What is needed
Below is a listing with pictures in it; transcribe exactly the lines from the one that has "思考一个符合大众和 和5个相关的关键词" through the one that has "Kniha Pagan Heart", and omit those pictures.

Start of Block

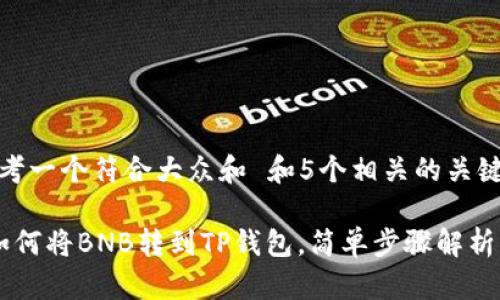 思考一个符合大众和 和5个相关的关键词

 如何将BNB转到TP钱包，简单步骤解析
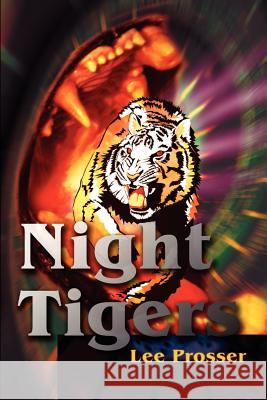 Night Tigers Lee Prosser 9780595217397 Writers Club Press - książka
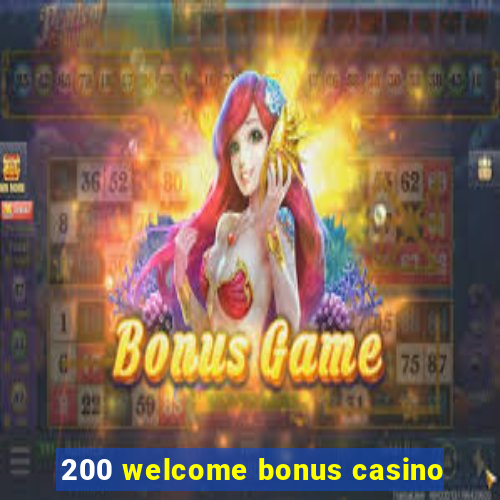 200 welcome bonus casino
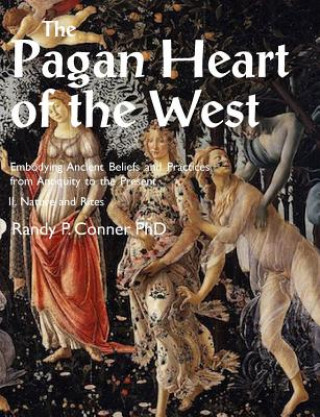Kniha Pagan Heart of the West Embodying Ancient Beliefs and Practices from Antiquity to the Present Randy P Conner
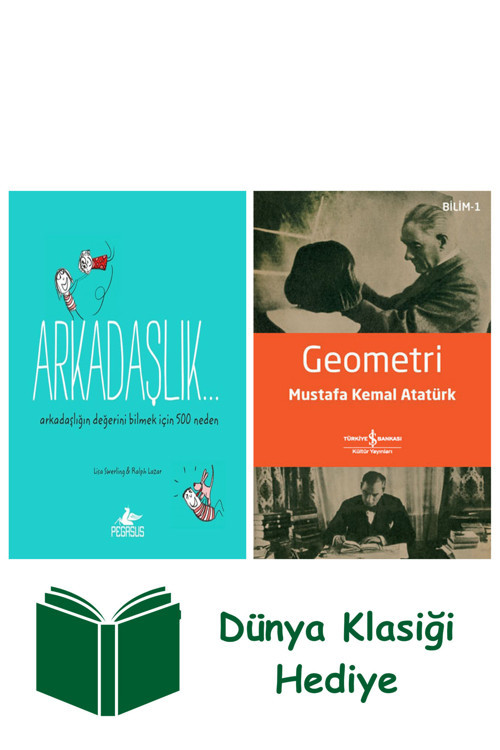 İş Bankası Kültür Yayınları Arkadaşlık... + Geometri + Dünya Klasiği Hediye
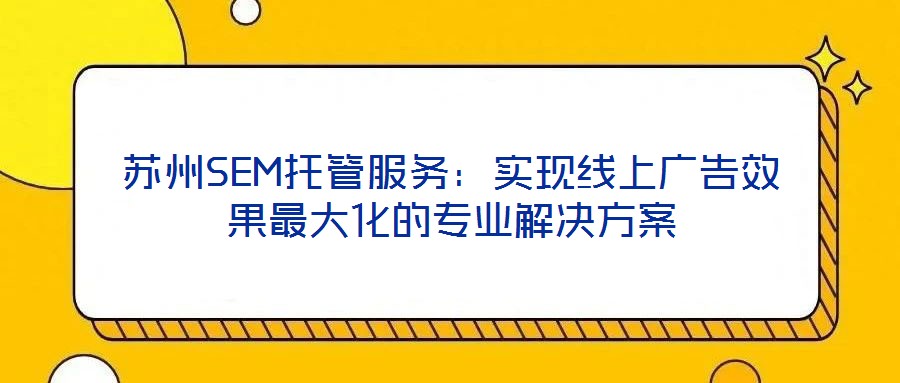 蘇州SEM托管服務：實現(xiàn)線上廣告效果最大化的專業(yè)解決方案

End of Block
Start of Block

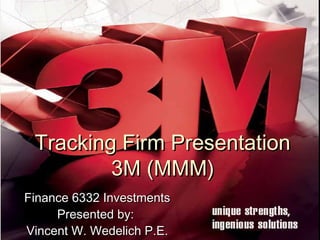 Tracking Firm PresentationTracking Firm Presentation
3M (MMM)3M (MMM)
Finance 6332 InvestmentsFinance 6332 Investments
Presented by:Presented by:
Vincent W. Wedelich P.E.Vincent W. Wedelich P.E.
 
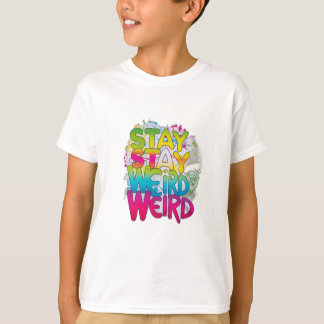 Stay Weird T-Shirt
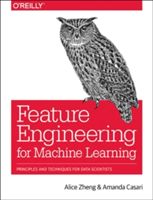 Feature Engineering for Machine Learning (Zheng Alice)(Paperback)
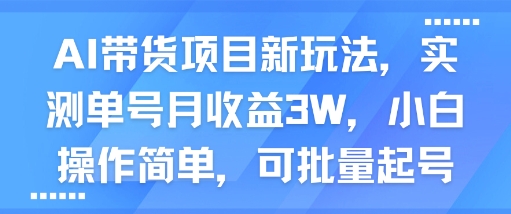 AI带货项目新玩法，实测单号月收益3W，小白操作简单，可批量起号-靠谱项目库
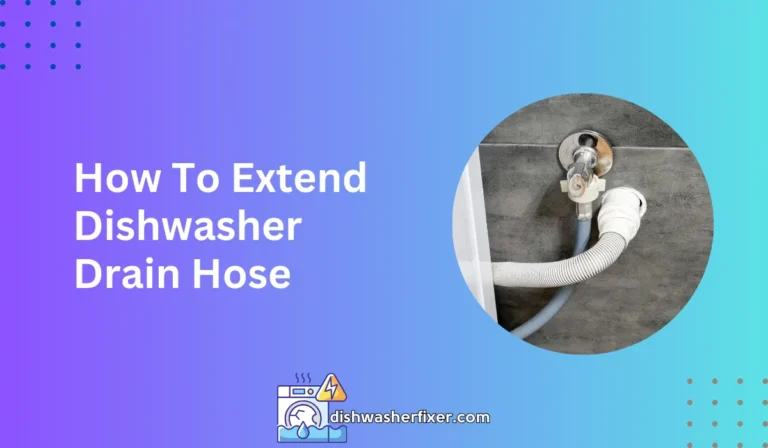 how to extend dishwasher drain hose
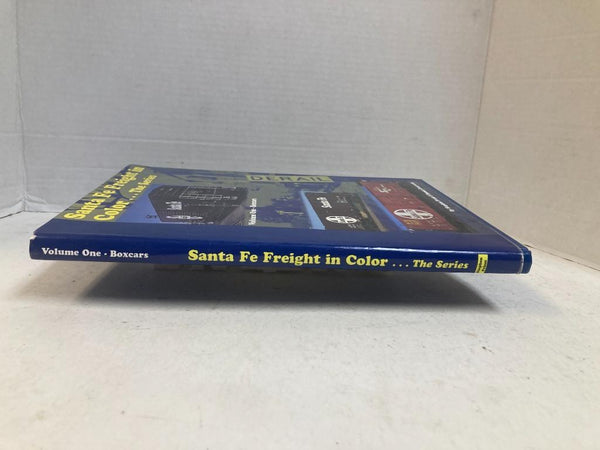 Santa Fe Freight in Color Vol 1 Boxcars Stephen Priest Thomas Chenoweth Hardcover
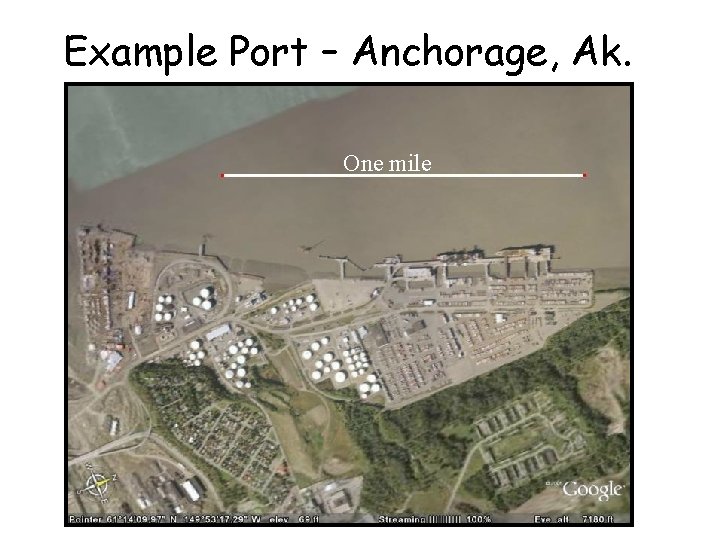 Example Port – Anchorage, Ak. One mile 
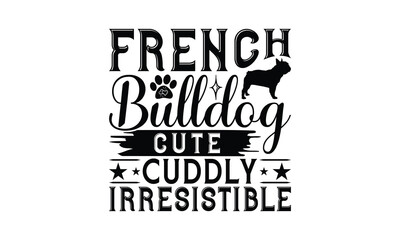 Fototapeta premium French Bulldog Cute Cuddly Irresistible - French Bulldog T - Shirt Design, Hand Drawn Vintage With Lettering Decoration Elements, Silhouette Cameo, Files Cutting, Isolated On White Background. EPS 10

End of Block

Written answer
 思考一个符合大众和 和5个相关的关键词

 如何将BNB转到TP钱包，简单步骤解析
 Night Tigers Lee Prosser 9780595217397 Writers Club Press - książka
 200 welcome bonus casino
Kniha Pagan Heart of the West Embodying Ancient Beliefs and Practices from Antiquity to the Present Randy P Conner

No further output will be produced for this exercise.